Responsible SMTP server admins set up their server to accept mail for delivery only in special cases 1) the mail is coming from "its own" network, or 2) the mail is being sent to "its own" network, or 3) the user presents credentials that identifies him as a trusted sender. Case #1 is probably what happens when you send mail from work; your machine is on the trusted network, so you can send mail to anyone. A lot of corporate mail servers still don't require authentication, so you can impersonate anyone in your office. Fun! Case #2 is when someone sends you mail. And case #3 is probably what happens with your GMail example. You're not coming from a trusted network, you’re just out on the Internet with the spammers. But by using a password, you can prove to GMail that you are who you say you are.
The historical aspect is that in the old days, the link between gmail and hotmail was likely to be intermittent.

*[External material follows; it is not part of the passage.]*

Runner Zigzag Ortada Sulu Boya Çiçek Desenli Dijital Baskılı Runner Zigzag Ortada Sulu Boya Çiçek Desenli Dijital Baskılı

By queuing your mail up at a local server, you could wash your hands of it, knowing that when a link was established, the local server could transfer your messages to the remote server, which would hold the message until the recipient's agent picked it up.
The first server will look at DNS for a MX record of Hotmail server. MX is a special record that defines a mail server for a certain domain. Knowing IP address of Hotmail server, GMail server will sent the message using SMTP protocol and will wait for an answer. If Hotmail server goes down, GMail server wiil try to resend the message (it will depend on server software configuration). If the process terminates ok, then ok, if not, GMail server will notify you that he wasn´t able to deliver the message.
If you really want to know how email works you could read the SMTP RFC or the POP3 RFC.
All emails are transferred using SMTP (or ESMTP).
The important thing to understand is that the when you send message to someguy#hotmail.com this message's destination is not his PC. The destination is someguy's inbox folder at hotmail.com server.
After the message arrives at it's destination. The user can check if he has any new messages on his account at hotmail server and retrieve them using POP3
Also it would be possible to send the message without using gmail server, by sending it directly from your PC to hotmail using SMTP.
Step 2 to 3 (i.e. Gmail to Hotmail) would normally happen through SMTP (or ESMTP - extended SMTP).
Hotmail doesn't send anything to a client via POP3. It's important to understand some of the nuances here. The client contacts Hotmail via POP3 and requests its mail. (i.e. the client initiates the discussion).